O documentário debate o lado bom e ruim das terapias alternativas e o tantra aparece logo após o primeiro episódio, sobre “óleos essenciais”, e antes de “leite materno” (gente, tô passada ao saber que atletas “voltaram a mamar” para ganhar massa muscular!)

Assisti duas vezes ao capítulo do tantra. E sugiro que você veja também. Ali, está tudo o que você sempre quis saber sobre a terapia (mas tinha medo de perguntar hehehe). Mostra direitinho o processo de cura por meio de orgasmos poderosos, mas também o poder destruidor de alguns “mestres”.

Ao longo da minha vida, tive contato com as duas faces do tantra: o paraíso e o inferno.

Conheci a prática em 2017, por escrever uma coluna sobre sexo. No início daquele ano, vi uma palestra de Jivan Pramod em um evento para mulheres. Escrevi um post sobre a história surpreendente do ex-policial que se tornou especialista em tantra, formado com o famoso (mas controverso) Deva Nishok, na Comuna Metamorfose, acho que a referência mais famosa no Brasil.

Jivan era um dos organizadores do CI Tantra, um congresso sobre a prática que ocorreu em novembro de 2017, e lá conheci o mestre Gilson Nakamura. Com ele, tive coragem de evoluir da teoria à prática, fiz minha primeira massagem tântrica.

Fui apresentada a um outro nível de orgasmo: de corpo inteiro, absurdamente intenso e, melhor, transformador. Entrei na sessão fragilizada, com autoestima nota 6, e saí de lá a Mulher-Maravilha. Lembro-me que, no dia seguinte, uma amiga perguntou se eu havia feito algum tipo de tratamento estético 🙂 De tão maravilhoso, engatei em uma maratona de cursos.

Além dos workshops perfeitos do Gilson (ai, que saudade, pena que tantra não combina com distanciamento social…), fiz duas vivências bem marcantes. Com meu namorado, aprendi maithuna (ou sexo tântrico) sob a tutela do mestre Daniel Carletti. Foi um processo tão mágico, uma conexão tão profunda que ainda respiro para escrever um “post solo” a respeito.

Entre agosto e setembro do ano passado, passei minhas férias na Osheanic, centro de terapia em Aquiraz, pertinho de Fortaleza. O lugar pertence a Homa e Mukto, que moraram com Osho (líder espiritual bem controverso). A administração do ponto, uma espécie de resort hippie, fica por conta de voluntários, seguidores.

Ali, vivi uma experiência bem dúbia, difícil, complexa, imersa com meu namorado em um curso de cerca de vinte dias de tantra. Lado bom: até hoje, ele e eu praticamos meditações lindas, aprendidas com Homa e Mukto, dois mestres realmente especiais.

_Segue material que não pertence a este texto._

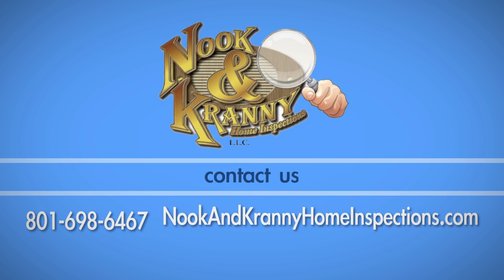If you have any questions about this process, call Nook & Cranny Home Inspections at 698-6467. For more information, visit www.crannyhome.com.au.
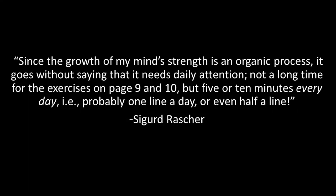Rascher addresses this by saying: 'Since the growth of my mind's strength is an organic process, it goes without saying that it needs daily attention. Not a long time for the exercises on page nine and ten, but five or ten minutes every day — i.e., probably one line a day or even half a line.'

Lado ruim: o lugar parece a igreja do Osho, um baita clima de devoção. Os cultos foram rebatizados de meditação, três por dia, com mais de uma hora de duração, todas obrigatórias. E uma vez que você fez o check in, não pode sair do lugar sem autorização da equipe (?!).

Lado péssimo, parecia a filial cearense do Instituto Butantan: morcegos sobre sua cabeça, sapos sob seus pés e uma infinidade de pererecas nadando na privada do seu quarto, saltitando na cama, paredes, por suas roupas e nécessaire. Quem se incomoda com esse cenário (também bem sujo, cheirando a mofo, repleto de teias de aranha), recebe como resposta “você deveria andar descalça para se descarregar da sua energia negativa”. E esse pessoal “espiritualizado” cobra cerca de R$ 1,5 mil a diária do casal pela experiência que parece inspirada nas “Noites do Terror”.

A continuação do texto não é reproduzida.